Le 13e, ce sud comme horizon. Une mer riche que l’on peut traverser à loisir, un rivage que l’on peut dompter. Ici plutôt qu’ailleurs. Dodux(9), les amis, les lieux,… chercher des traces, des idées, des envies, les passages et les mégalithes, se perdre, épuiser les livres et la scène, les gastronomies et les cultures, se perdre encore, les voyages –base de départ parfaite et incursions directes(10)- au cœur des civilisations, se perdre toujours.

 

Notes :

(1) Une mémoire atavique de l’être humain. Théories controversées et tentations new-age… Pourtant j’aime l’idée que nous pouvons piocher inconsciemment dans un savoir et des souvenirs qui ne nous appartiennent pas. Un « déjà vu » poétique et millénaire qui remonterait parfois à la surface.

(2) Pour les plus curieux, il s’agissait du numéro 20 – 1er trimestre 2002 dont un ou deux exemplaires trainent encore chez moi en souvenir du bon vieux temps. Et vous Jéjé, Nico ?

(3) Bien malin celui qui saurait organiser une liste exhaustive, mais concentrons-nous sur les livres que l’on relit avec plaisir, en plus de la prime curiosité.

(4) Nautes ou Marchants d’eau. Je ne sais pas pourquoi, mais l’eau à toujours eu pour moi une importance capitale quelque soit le lieu. Dans mes rêves –nocturnes ou éveillés- j’habite forcément près d’une rivière.

(5) Sur les Celtes, le meilleur livre du moment : Les Rois du monde, T1 Même pas mort

(6) Excellente émission sur le sujet : le Salon noir

(7) Anadromie, « découvrons chaque jour, un nouveau mot » ou profitons-en pour nous arrêter sur cet aquarium mystérieux que Claudia évoquait où les poissons semblent vivre à la frontière d’un monde qui nous échappe. Tantôt allumé ou éteint, le bocal vide ne donne aucun autre indice sur la destination défaillante de ses habitants. Quand ils reviennent, pas moyen de leur faire cracher le morceau.

(8) Rien de péjoratif ici. On sait, aujourd’hui, que l’ennui devient nécessaire dans la construction de soi et qu’il passe pour bénéfique au quotidien pour réorganiser ses pensées et faire le point. À la manière d’une sieste, cultivons l’ennui.

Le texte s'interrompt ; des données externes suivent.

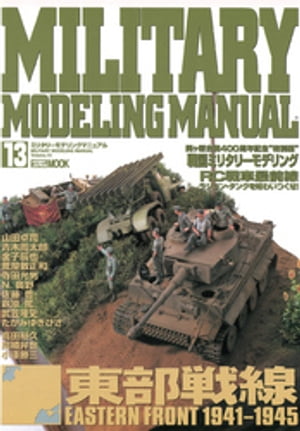 MILITARY MODELING MANUAL Vol.13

(9) Les Latinistes ne s’accordent pas encore tous sur ce point. La traduction la plus proche serait « la maison » depuis la réforme 785.

(10) Vous en avez la preuve avec ce blog et son auteure. Cet article n’est qu’une seconde d’un dialogue qui dure depuis qu’on se connaît, et qui nous fait tous deux voyager sans bouger d’ici.